### Work to complete
The response should consist of the data below, copied exactly, with no pictures in it.

### Provided entries
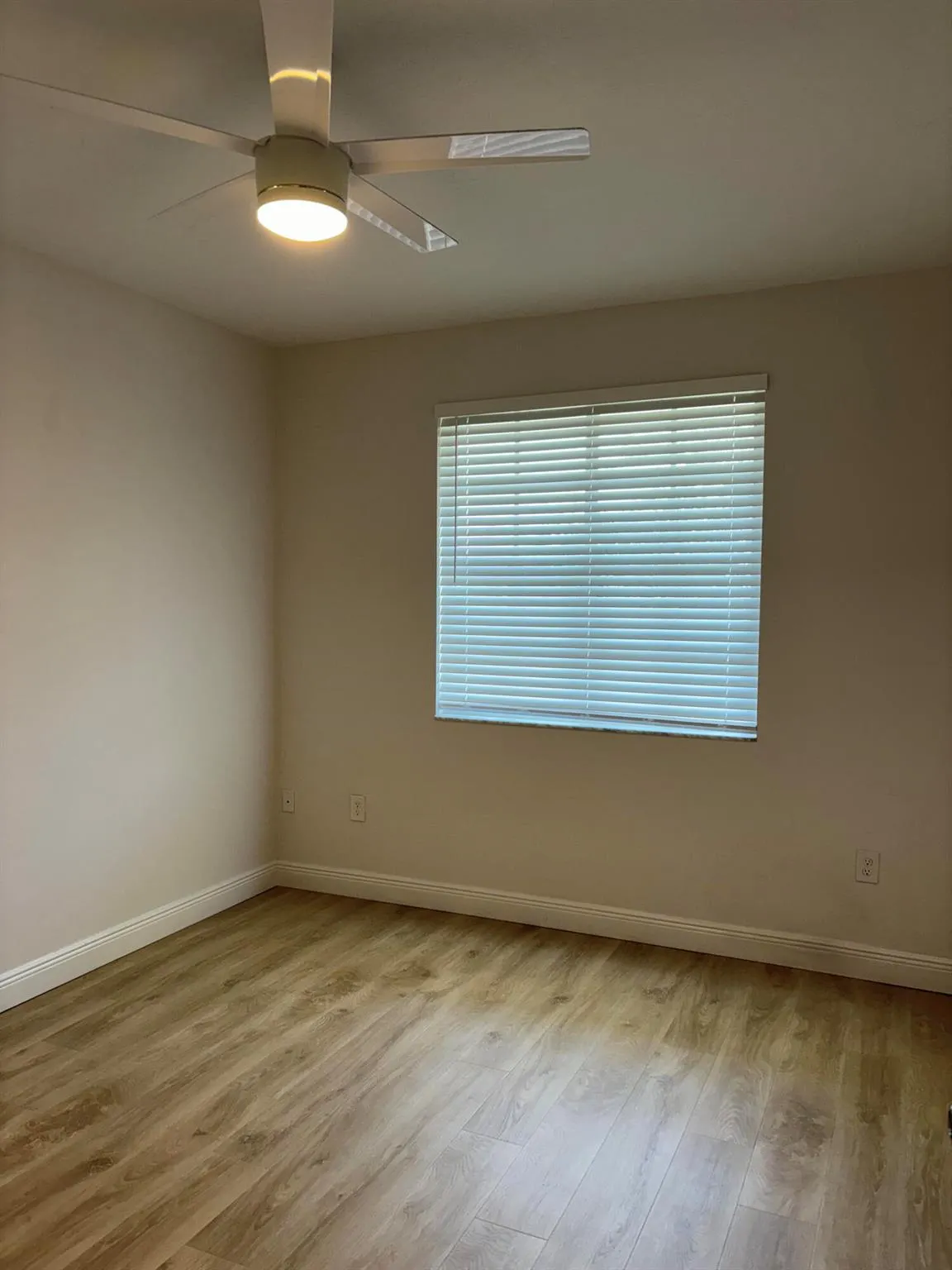 250 NE 3rd Avenue, #504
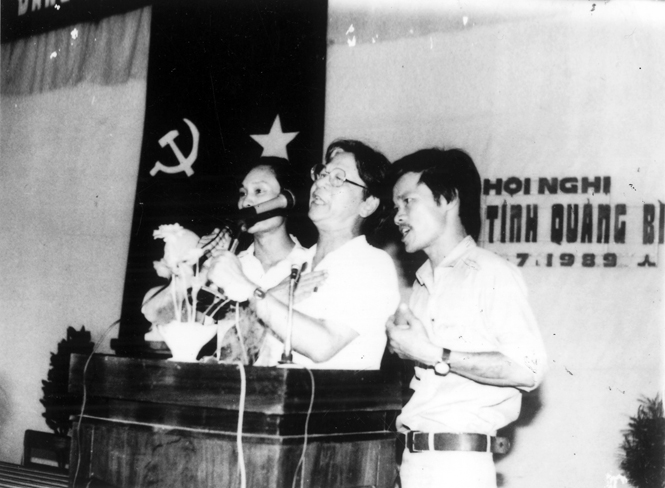  Nhạc sĩ Hoàng Vân (đứng giữa) cùng hòa giọng Quảng Bình quê ta ơi.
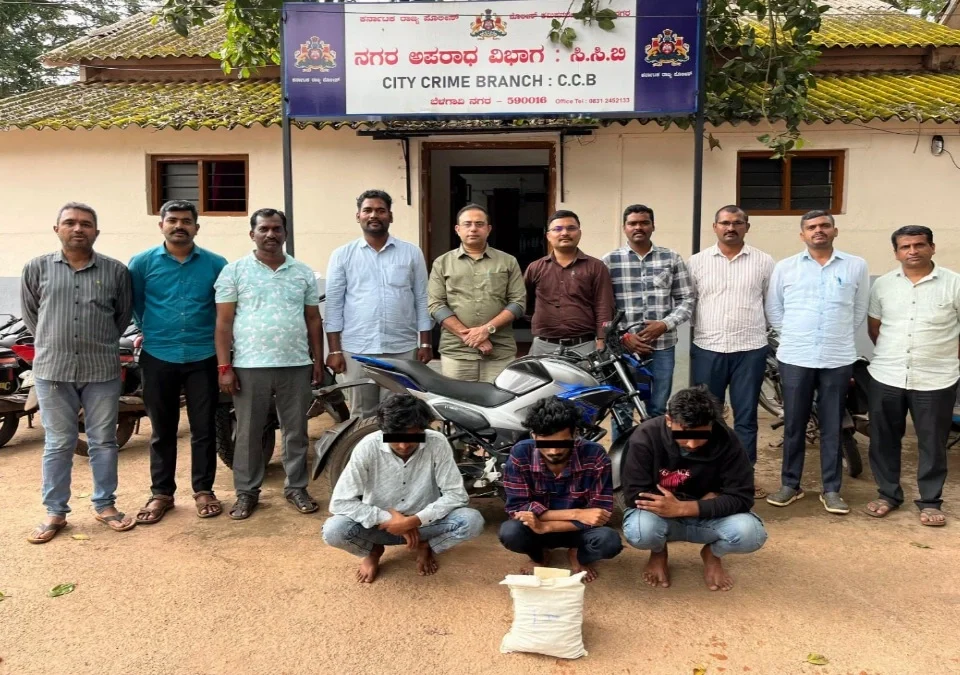 shaley mahavidyalayin vidyarthyanna ganja viknarya tighanna atak
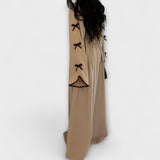 Jasmin - Elegantes Set aus Cardigan und Kleid mit Schleifenakzent – Beige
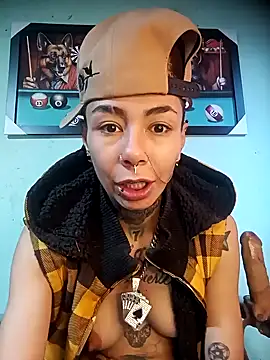 Snapshot of real_fenix chatting on 09-27-25, 04:12 real fenix online show from 09-27-25, 04:12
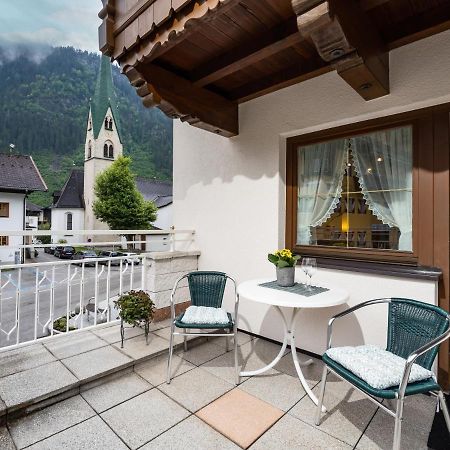 Haus Eberharter Apartamento Mayrhofen Exterior foto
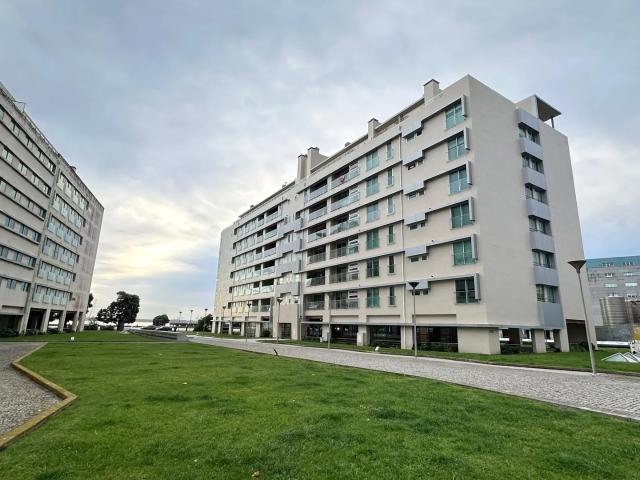 Apartamento T2, Matosinhos, Matosinhos e Leça da Palmeira / Arrendamento / 2300 / Ref. L 05/9543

### Result below
 250 NE 3rd Avenue, #504
  Nhạc sĩ Hoàng Vân (đứng giữa) cùng hòa giọng Quảng Bình quê ta ơi.
 shaley mahavidyalayin vidyarthyanna ganja viknarya tighanna atak
 Jasmin - Elegantes Set aus Cardigan und Kleid mit Schleifenakzent – Beige
 Snapshot of real_fenix chatting on 09-27-25, 04:12 real fenix online show from 09-27-25, 04:12
 Haus Eberharter Apartamento Mayrhofen Exterior foto
 Apartamento T2, Matosinhos, Matosinhos e Leça da Palmeira / Arrendamento / 2300 / Ref. L 05/9543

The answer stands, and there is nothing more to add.